Activity: Could you please retype all of the records exactly, skipping any pictures?

Input for this task:
....

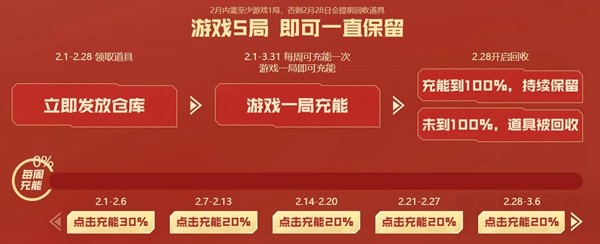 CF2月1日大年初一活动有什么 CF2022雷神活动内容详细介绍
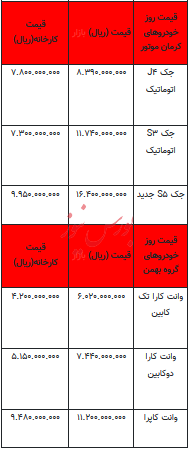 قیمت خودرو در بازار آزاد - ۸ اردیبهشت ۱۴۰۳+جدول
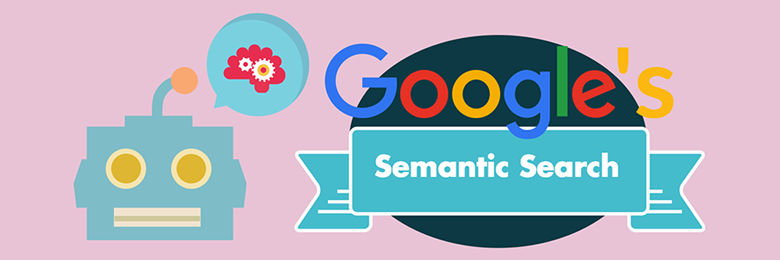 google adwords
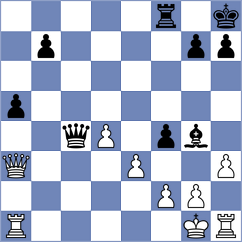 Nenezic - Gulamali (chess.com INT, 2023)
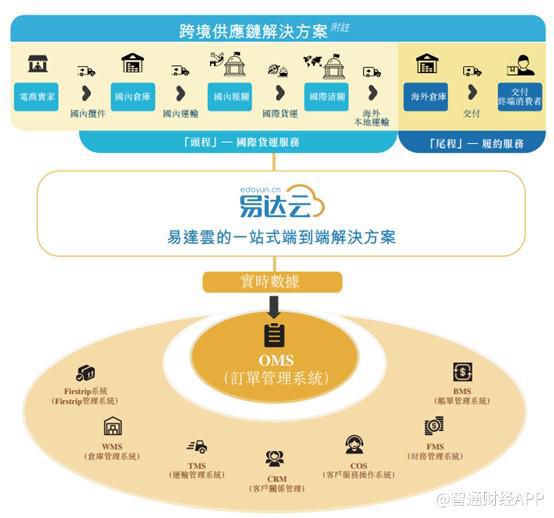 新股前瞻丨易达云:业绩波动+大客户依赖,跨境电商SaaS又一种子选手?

....

Exercise result:
 CF2月1日大年初一活动有什么 CF2022雷神活动内容详细介绍
 قیمت خودرو در بازار آزاد - ۸ اردیبهشت ۱۴۰۳+جدول
 google adwords
 Nenezic - Gulamali (chess.com INT, 2023)
 新股前瞻丨易达云:业绩波动+大客户依赖,跨境电商SaaS又一种子选手?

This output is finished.